GOAL OF THE EXERCISE: Starting at the line below holding "Duravit Waschtischunterbau XBASE" and stopping at the line holding "Sanrio & Chibi", print every line exactly, both ends included, and leave the rest out.
◆ ◆ ◆ ◆
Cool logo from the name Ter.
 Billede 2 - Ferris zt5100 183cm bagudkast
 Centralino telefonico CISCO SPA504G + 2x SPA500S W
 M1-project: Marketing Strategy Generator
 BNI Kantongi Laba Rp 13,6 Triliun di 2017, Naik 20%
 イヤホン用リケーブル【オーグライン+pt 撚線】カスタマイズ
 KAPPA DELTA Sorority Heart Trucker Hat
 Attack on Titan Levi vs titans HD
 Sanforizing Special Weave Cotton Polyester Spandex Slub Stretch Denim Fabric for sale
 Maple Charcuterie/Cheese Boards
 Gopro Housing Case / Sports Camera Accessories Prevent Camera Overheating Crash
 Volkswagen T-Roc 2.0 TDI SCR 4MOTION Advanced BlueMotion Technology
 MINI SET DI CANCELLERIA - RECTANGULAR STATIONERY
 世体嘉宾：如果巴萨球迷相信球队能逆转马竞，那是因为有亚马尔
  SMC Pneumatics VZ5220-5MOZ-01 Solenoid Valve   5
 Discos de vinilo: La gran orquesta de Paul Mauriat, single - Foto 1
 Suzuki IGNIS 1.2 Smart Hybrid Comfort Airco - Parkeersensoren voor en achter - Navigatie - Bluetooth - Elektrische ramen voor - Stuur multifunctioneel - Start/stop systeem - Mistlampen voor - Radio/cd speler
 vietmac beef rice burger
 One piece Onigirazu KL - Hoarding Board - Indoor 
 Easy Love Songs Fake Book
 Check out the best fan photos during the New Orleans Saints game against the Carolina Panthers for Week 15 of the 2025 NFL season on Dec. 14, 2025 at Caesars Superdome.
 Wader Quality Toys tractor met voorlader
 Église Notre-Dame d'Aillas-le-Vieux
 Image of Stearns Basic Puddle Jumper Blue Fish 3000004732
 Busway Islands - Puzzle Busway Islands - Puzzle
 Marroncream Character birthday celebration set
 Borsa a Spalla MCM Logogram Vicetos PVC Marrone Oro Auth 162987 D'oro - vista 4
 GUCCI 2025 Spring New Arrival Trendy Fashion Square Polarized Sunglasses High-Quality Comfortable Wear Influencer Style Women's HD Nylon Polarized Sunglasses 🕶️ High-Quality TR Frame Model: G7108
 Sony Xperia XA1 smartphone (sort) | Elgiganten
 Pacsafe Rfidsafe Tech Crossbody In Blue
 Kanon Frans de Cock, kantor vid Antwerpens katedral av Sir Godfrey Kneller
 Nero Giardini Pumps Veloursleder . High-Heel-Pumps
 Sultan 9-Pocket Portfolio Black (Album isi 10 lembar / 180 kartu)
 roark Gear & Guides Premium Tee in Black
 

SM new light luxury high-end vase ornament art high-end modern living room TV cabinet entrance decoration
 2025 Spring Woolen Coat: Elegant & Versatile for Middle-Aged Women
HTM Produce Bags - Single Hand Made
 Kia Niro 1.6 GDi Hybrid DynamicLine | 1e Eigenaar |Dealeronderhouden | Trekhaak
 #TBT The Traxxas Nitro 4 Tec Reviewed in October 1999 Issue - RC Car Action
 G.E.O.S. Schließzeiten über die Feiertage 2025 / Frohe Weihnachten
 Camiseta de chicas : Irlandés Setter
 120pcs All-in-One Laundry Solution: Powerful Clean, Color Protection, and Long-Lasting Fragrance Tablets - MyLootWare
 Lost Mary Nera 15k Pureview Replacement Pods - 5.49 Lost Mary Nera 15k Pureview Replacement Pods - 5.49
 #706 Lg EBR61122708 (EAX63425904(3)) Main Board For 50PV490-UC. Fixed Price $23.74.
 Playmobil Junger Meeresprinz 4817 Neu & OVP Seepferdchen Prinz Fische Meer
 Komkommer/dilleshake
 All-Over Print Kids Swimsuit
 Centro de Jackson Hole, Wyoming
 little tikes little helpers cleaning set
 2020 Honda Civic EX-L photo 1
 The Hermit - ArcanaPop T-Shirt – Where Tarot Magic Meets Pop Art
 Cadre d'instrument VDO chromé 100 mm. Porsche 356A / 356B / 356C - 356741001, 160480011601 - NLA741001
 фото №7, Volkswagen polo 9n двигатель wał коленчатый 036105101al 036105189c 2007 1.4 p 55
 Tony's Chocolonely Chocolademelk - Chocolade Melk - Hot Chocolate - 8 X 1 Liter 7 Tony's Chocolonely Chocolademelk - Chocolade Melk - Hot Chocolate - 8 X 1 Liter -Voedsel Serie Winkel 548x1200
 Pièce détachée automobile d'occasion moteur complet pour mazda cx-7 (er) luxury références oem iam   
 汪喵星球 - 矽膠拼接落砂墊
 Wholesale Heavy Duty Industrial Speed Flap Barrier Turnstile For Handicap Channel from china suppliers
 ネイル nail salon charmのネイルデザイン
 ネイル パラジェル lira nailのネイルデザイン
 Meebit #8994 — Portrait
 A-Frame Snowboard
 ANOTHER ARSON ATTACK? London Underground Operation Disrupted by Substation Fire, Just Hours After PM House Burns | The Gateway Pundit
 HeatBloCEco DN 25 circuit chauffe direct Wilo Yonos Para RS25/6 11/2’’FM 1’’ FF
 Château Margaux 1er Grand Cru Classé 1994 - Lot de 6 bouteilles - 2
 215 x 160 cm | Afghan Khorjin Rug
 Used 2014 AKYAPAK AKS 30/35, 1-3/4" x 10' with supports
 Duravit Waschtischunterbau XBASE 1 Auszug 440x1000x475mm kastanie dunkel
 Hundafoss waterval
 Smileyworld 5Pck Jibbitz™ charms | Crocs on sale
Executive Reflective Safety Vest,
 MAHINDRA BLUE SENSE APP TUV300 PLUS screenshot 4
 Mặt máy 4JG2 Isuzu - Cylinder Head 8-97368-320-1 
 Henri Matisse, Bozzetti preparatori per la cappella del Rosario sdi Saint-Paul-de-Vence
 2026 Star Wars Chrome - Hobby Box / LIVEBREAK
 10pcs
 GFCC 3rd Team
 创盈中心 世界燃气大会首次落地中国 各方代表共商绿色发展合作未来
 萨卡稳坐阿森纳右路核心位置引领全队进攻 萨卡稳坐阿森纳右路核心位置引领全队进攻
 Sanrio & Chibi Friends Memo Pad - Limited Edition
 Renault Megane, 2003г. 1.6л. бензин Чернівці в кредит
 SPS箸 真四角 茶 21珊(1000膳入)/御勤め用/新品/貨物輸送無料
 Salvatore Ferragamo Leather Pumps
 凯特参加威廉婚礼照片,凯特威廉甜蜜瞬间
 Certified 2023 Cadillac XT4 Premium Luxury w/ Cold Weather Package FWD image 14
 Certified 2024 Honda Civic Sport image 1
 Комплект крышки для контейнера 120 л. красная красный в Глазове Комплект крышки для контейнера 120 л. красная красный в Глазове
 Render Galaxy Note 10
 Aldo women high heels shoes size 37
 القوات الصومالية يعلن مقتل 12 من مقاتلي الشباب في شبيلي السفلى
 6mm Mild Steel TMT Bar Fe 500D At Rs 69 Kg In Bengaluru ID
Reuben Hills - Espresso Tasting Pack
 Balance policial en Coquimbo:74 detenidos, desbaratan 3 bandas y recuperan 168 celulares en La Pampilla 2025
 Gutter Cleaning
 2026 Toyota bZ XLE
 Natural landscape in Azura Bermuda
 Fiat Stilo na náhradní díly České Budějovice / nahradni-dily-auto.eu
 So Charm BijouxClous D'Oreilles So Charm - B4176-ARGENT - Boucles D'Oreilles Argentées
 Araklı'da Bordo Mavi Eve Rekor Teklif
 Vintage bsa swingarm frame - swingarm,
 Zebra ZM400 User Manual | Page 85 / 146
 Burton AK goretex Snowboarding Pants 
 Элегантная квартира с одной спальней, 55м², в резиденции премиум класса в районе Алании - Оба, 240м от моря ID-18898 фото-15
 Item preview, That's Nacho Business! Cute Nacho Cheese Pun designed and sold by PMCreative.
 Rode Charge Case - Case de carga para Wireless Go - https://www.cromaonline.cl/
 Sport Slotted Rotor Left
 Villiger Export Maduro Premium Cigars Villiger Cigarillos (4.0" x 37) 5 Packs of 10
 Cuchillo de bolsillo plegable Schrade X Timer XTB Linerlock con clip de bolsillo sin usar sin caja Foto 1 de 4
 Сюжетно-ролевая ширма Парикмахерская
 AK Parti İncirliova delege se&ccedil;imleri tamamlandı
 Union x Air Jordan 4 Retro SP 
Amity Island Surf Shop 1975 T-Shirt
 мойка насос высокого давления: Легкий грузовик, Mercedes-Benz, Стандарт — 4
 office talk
◆ ◆ ◆ ◆
ANSWER TO THE PROBLEM:
 Duravit Waschtischunterbau XBASE 1 Auszug 440x1000x475mm kastanie dunkel
 Hundafoss waterval
 Smileyworld 5Pck Jibbitz™ charms | Crocs on sale
Executive Reflective Safety Vest,
 MAHINDRA BLUE SENSE APP TUV300 PLUS screenshot 4
 Mặt máy 4JG2 Isuzu - Cylinder Head 8-97368-320-1 
 Henri Matisse, Bozzetti preparatori per la cappella del Rosario sdi Saint-Paul-de-Vence
 2026 Star Wars Chrome - Hobby Box / LIVEBREAK
 10pcs
 GFCC 3rd Team
 创盈中心 世界燃气大会首次落地中国 各方代表共商绿色发展合作未来
 萨卡稳坐阿森纳右路核心位置引领全队进攻 萨卡稳坐阿森纳右路核心位置引领全队进攻
 Sanrio & Chibi Friends Memo Pad - Limited Edition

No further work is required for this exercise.